Continuam valendo as provas geradas que não esbarram naquelas coletadas com a quebra de sigilo fiscal e bancário dos investigados. Mas elas também estão ameaçadas, uma vez que a Quinta Turma também analisa na próxima semana um recurso da defesa de Flávio relativa à validade das decisões de Itabaiana. O recurso foi protocolado após o entendimento, de junho do ano passado, de que o caso não poderia ficar na 1ª instância.

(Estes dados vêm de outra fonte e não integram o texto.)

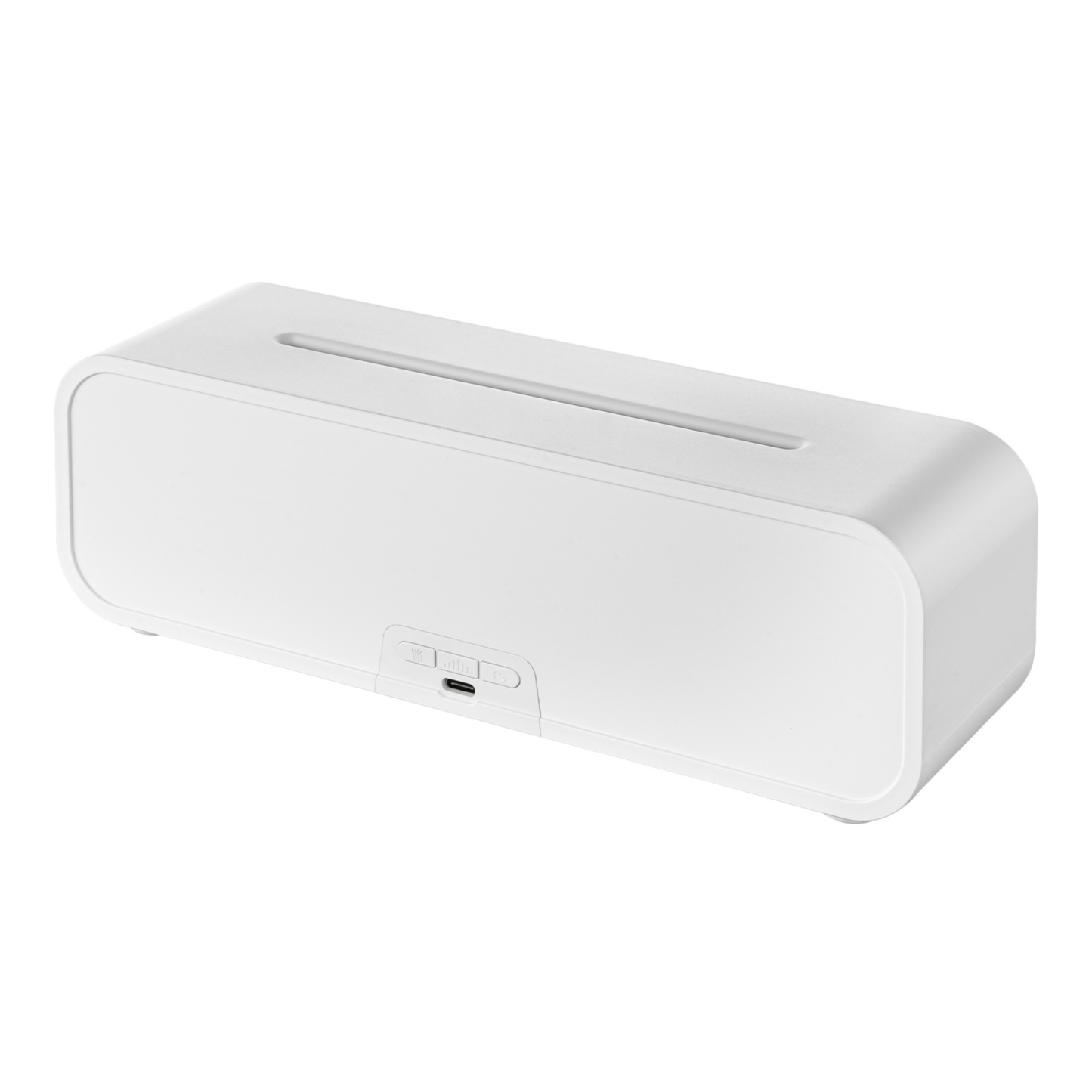 7 Colour Flame Remote Control Aromatherapy Diffuser 3 Timer Sound Reactive Air Humidification Black/White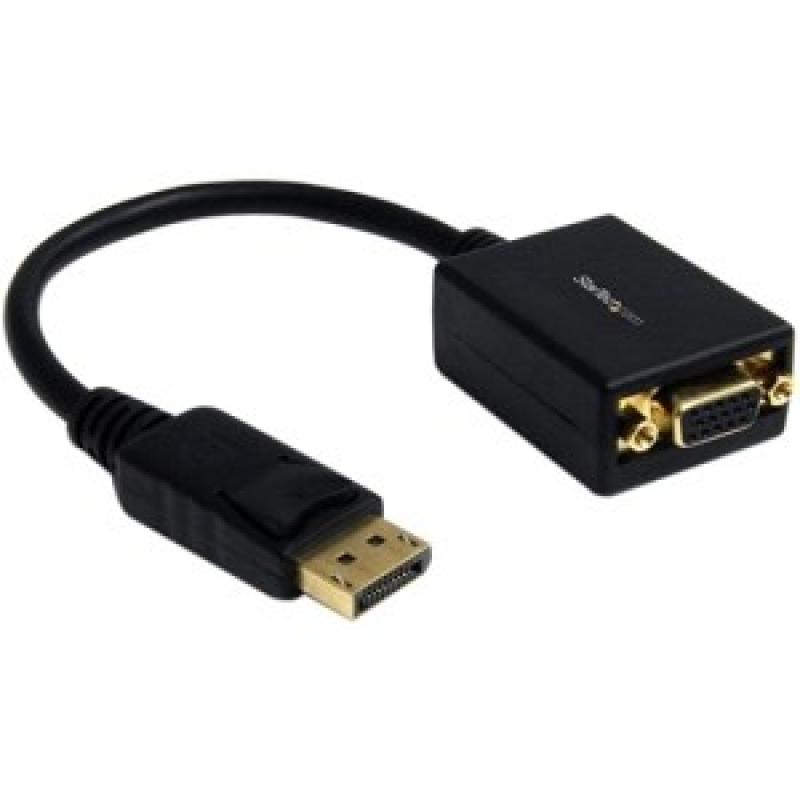 Startech Adaptador de Video DisplayPort a VGA Negro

A decisão é da 3ª Câmara Criminal do TJ, que decidiu que o senador tem foro privilegiado no caso, e o processo foi para o Órgão Especial do TJ-RJ, sob a alegação de que o senador era deputado estadual na época em que os fatos denunciados pelo MP ocorreram.
Na época que decidiram que Flávio tinha foro no caso, os desembargadores decidiram pela validade das decisões de Itabaiana, e o recurso está agora no STJ. Se o senador tiver decisão favorável, tudo o que foi decidido pelo juiz deixa de valer - ele atuou em toda a condução da fase de investigação. Ou seja, provas obtidas por meio de buscas e apreensões autorizadas por Itabaiana não servirão mais ao processo. “Se isso acontecer, aí o processo praticamente acabou, e volta-se à estaca zero no Órgão Especial”, comentou o advogado James Walker.
Entretanto, o MP, como já apontado pelo próprio órgão, poderá atuar para tentar reverter as decisões no plenário do STJ, e ainda recorrer ao Supremo Tribunal Federal (STF) caso não obtenha êxito. Especialista em direito constitucional, Vera Chemim afirmou que além da opção de interpor recurso, o MP poderia começar do zero a captação de prova e investigação, embora com grande prejuízo. “Seria adotar uma estratégia de recuo. Voltar para a fase inicial do processo”, afirmou.